Changes are fast approaching for the building industry. The U.S. Department of Energy (DOE) claims that buildings account for 39 percent of total energy use and 38 percent of total carbon dioxide emissions in America. The desire to reduce both is leading to tighter government regulations on new construction, requiring states to adopt up-to-date energy-related building codes that will improve the performance of new commercial buildings.
These mandates will change the way construction professionals think about energy-efficient construction, specifically requiring specifiers to consider strategies to minimize energy consumption.
Exterior walls are most commonly built using stud framing with some form of cavity insulation located between the studs. This method separates the insulation into non-continuous pockets and allows energy to transfer between the interior and exterior of the building—a phenomenon known as “thermal bridging”—which significantly reduces the energy efficiency of the wall.

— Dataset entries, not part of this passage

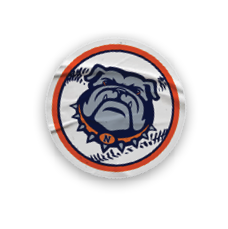 A collection of stickers featuring a bulldog mascot and a baseball. AI generated content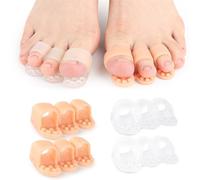 Separadores de dedos de silicona suave, 2 pares de alisadores de dedos superpuestos para mujeres y hombres, separador de 3 dedos de los pies, mangas de alineación de dedos, corrector ortopédico de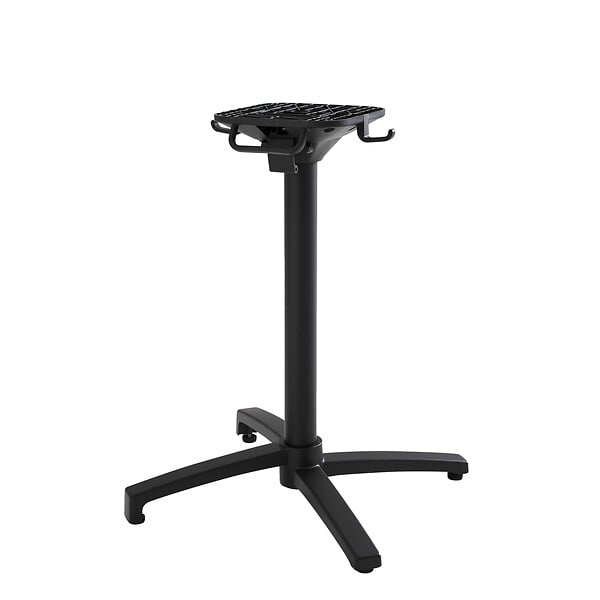 OVIALA - Table bistrot de jardin carrée inclinable 60cm 4 places chêne fumé - Opera - large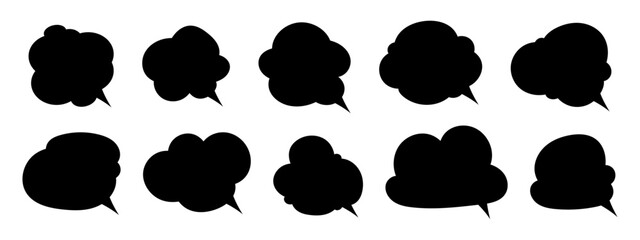 Fototapeta premium Vector speech bubble silhouettes set, black comic chat balloons collection isolated on transparent background.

Traditional cavity-insulated walls also suffer from air leakage, which occurs at joints, gaps and penetrations. The resulting airflow into or out of the building affects energy efficiency, indoor air quality, and heating, ventilating and air conditioning (HVAC) costs. Further, cavity insulation gets dirty and can absorb and retain moisture, which can lead to the premature degradation of the studs, sheathing and drywall exposed to the cavity.
“R-Value” is a number used to express a material’s thermal efficiency and the higher the number, the better. However, this can be misleading because it only takes into account the insulating value of the material itself, and not the full wall assembly. As described earlier, a typical framed wall can be compromised due to thermal bridging and air leakage—which can decrease the R-value of the overall wall by as much as 50 percent or more in steel-framed walls and 24 percent or more in wood framing.
Adding thicker cavity insulation does little when trying to improve the thermal efficiency of the wall because it does not mitigate thermal bridging or air leakage.
In an effort to combat the increasing demands on energy, the DOE has mandated that by October 18, 2013, all states must adopt a commercial building energy code that meets or exceeds ASHRAE Standard 90.1-2010. The updated standard will trigger a substantial change to the design of wall assemblies. ASHRAE 90.1-2010, which has been adopted by the new 2012 International Energy Conservation Code (IECC), increases the requirement for continuous insulation (CI) for most commercial wall assemblies in nearly all climate zones.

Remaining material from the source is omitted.